This paper reports an interesting property of the O, N and S donor ligand 2-(2’-Hydroxy-3’-methoxyphenyl)benzothiazole which makes it switch chelating donor sites from O, S (at pH < 5.0) to O, N (above pH 5.0) while reacting with Cu(II) acetate in a 3:1 ethanol-water mixture. The authors have adopted a stopped-flow spectrophotometric technique monitored at a wavelength of 400 nm at 25 °C. The reaction is reported to proceed towards precipitation above a pH of 5.5 after some time. Although the study was carried out thoughtfully, I have some comments which would be of interest to the reader.

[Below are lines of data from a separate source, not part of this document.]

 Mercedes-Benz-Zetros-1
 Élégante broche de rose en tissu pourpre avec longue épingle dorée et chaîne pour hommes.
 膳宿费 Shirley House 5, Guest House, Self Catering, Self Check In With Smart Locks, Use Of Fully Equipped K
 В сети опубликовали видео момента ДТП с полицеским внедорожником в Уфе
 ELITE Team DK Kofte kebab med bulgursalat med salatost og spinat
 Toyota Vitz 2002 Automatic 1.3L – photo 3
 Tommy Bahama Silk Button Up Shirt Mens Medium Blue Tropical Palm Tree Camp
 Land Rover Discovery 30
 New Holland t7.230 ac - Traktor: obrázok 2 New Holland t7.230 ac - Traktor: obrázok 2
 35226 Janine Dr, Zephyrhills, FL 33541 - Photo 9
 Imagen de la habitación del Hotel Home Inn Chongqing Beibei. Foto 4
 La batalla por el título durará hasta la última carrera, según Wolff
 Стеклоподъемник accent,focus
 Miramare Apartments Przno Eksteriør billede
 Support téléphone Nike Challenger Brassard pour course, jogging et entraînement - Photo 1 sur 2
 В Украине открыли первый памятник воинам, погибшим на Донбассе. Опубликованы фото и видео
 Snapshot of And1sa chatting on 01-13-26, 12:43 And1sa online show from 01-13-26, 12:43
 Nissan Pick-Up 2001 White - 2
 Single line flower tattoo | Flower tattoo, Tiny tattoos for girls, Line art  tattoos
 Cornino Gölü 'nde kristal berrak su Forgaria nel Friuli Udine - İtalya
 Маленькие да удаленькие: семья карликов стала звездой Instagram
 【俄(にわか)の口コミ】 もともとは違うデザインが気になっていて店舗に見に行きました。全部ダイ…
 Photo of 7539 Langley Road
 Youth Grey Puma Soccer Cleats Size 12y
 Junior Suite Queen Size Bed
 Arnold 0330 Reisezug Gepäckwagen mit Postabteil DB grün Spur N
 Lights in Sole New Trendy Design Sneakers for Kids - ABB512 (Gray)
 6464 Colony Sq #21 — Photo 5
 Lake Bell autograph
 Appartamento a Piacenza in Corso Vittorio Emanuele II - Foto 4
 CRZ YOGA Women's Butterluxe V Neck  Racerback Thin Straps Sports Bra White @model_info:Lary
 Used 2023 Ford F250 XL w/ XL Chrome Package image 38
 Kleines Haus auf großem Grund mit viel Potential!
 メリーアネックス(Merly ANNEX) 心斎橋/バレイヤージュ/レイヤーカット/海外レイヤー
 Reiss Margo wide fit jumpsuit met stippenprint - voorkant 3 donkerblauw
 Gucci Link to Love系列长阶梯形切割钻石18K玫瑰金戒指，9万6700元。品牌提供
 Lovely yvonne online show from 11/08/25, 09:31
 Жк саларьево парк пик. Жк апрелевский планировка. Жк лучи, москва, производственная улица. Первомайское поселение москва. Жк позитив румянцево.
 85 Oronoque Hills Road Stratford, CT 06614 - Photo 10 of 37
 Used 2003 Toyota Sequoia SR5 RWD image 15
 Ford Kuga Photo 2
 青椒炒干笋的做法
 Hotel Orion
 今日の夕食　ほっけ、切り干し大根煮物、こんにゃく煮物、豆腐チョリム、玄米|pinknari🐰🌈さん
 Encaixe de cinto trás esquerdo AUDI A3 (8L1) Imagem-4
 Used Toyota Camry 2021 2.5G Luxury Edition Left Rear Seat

The Reactions of Interest:
- The procedure for synthesis of the ligand as reported by the authors is rather cumbersome. High temperatures in the range of 180 to 200 °C and polyphosphoric acid as the solvent are the drawbacks. The product further requires neutralization with NaOH.
- The data from Table 1 could be reproduced easily following the protocol mentioned by the authors. The IR and UV-vis experiments to determine the rate of reactions of formation of Cu(O, S) and Cu(O, N) complexes are closely replicable. The formation of a polymeric precipitate was also observed at pH above 5.5, which receded in an inert atmosphere, as reported by the authors.
- The synthesis of the ligand can be done in a straightforward manner which I employed. 2-aminothiophenol (0.188 g, 1.5 mM) and 2-hydroxy-3-methoxybenzaldehyde (0.228 g, 1.5 mM) were mixed in 10 mL chloroform and was heated under reflux for 3 hours. The resulting clear orange-brown solution was left for aerial evaporation. A gummy mass was obtained which was triturated with petroleum ether and dried under reduced pressure to have an orange-brown powder.
- The section “2.1.3. Kinetic Measurements” mentions an important principle which is essential for such measurements. The distinction between the actually measured pH value and the theoretically justifiable one for a 3:1 ethanol-water mixture is essential to be noted by the readers who would like to replicate the process and it has been aptly recorded as “Because the activity of a 75% alcoholic solution is not well deﬁned the concentration of H+ was used for all calculations. In order to calibrate the electrode, the measured pH values were plotted against the logarithm of several known concentrations of perchloric acid and the resulting straight line was used to calculate the electrode in terms of the H+ concentration. The resulting conversion factor used in this work was pHc= (pHmeasured + 1.085)/1.381 in which pHc= -log10[H+] is used in order to distinguish it from pH.